O-Level E-Math 2018 Paper 2, Question 10: Mass from area and density

(a) Cutting a 5 cm square from each corner removes \(4 \times 5^2 = 100 \text{ cm}^2\), leaving an area of \(20 \times 30 - 100 = 600 - 100 = 500 \text{ cm}^2\) of cardboard.

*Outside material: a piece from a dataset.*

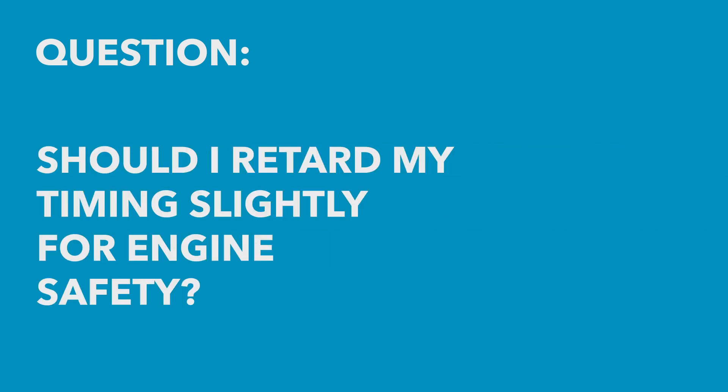We've got a couple of questions here. One from Mike who's asked: at peak torque, do you see the ignition timing advance there or back off a degree or so for safety, or unless you see knock, is it fine to leave it there? And Angel has asked: when the engine stops making torque, should I retard the timing one to two degrees for safety?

The density is \(\dfrac{210 \text{ g}}{1 \text{ m}^2} = \dfrac{210}{10\,000} = 0.021 \text{ g/cm}^2\), so the mass \(= 500 \times 0.021 = 10.5\) g.

(b)(i) After the four corner squares of side \(x\) are removed and the flaps are folded up, the base of the box has length \(30 - 2x\) (two squares removed from the 30 cm side) and width \(20 - 2x\) (two removed from the 20 cm side), and the height of the box is \(x\). So volume \(= x(20 - 2x)(30 - 2x)\).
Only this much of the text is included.